For bushings and all the drill bits used for the kits I make I made a rack out of scrap lumber and corian I had kicking around the shop.  The pullout tray at the bottom of the rack has a three ring binder clip where I keep the prinout instructions (in clear plastic sleeves) for all the different pens.  The label below each bushing set give the size of the bushings, the pen kit(s) they're used for and the drillbit sizes.  This one rack has made a big difference in keeping order in the shop.






Jim Smith


----------



## SDB777 (Jul 25, 2010)

dbarbee said:


> I'm starting to feel more and more comfortable and I'm going to order several bundles from Penn State this week.
> 
> 
> Thanks...
> ...


 

Not to completely hi-jack....
Do yourself a favor, check out  Link to WTz   You'll save some money.

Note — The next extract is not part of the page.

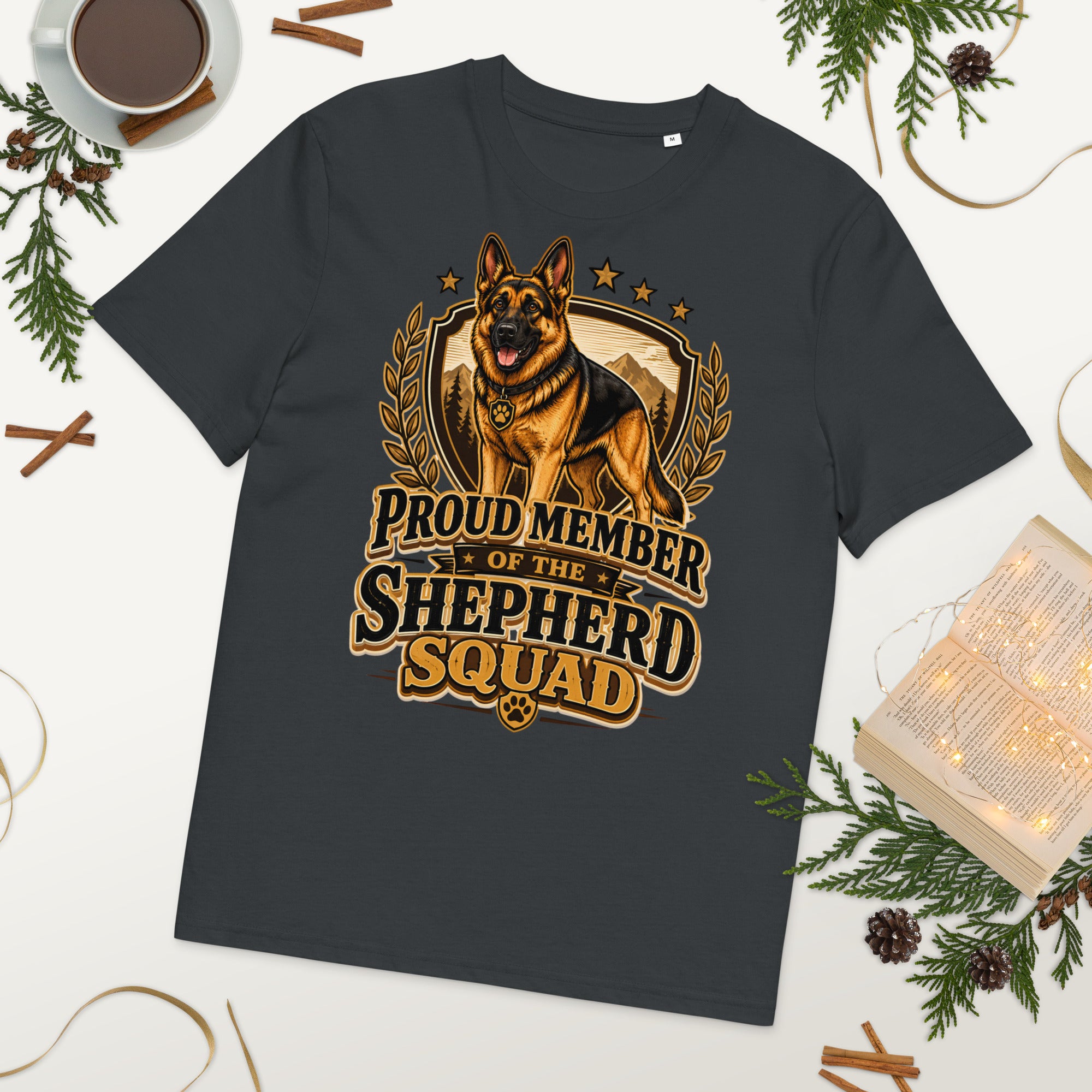 German Shepherd Squad Organic Ribbed T-Shirt by printfluence.net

I use the stackable tubs from WallyWorld to store my kits.  The bushings go in a small pouch on the drawer front(just a taped on zip-loc baggie).  I used a label making thingy to label the draw faces as to what was inside(kit name).




Scott (PennState is slow to get your stuff too) B


----------



## glwalker (Jul 25, 2010)

*Storage Ideas*

Here is what I do.  I buy a kit.  I buy the bushings.  After I've completed the pen I put the bushings back in the zip lock they came in (its nicely labeled) and then I put that zip lock inside the nicely labeled pen kit zip lock along with the original pen kit instructions which I may or may not have added notes to for making that kit again.  Some times I also put the drill bits(s) in the same bag or put all this in a little larger zip lock with the pen kit label showing through.  I've also started to put the blank size on the instruction sheet so I can see it when I pick up the zip lock with everything in it.  That way if I have chosen to put the drill bits with everything else for that particular kit (I don't for frequently used bits) then I can easily see what size bits are in the "kit package" I've assembled.  The zip lock kit bags containing everything can either be hung on the wall or since I don't make great volumes of pens, I just put them all in a box in a drawer under my lathe and leaf through them to find the kit package I'm looking for.


----------



## randyrls (Jul 25, 2010)

darcisowers said:


> I think film canisters are a great idea, except that now we are all digital, so we don't have any.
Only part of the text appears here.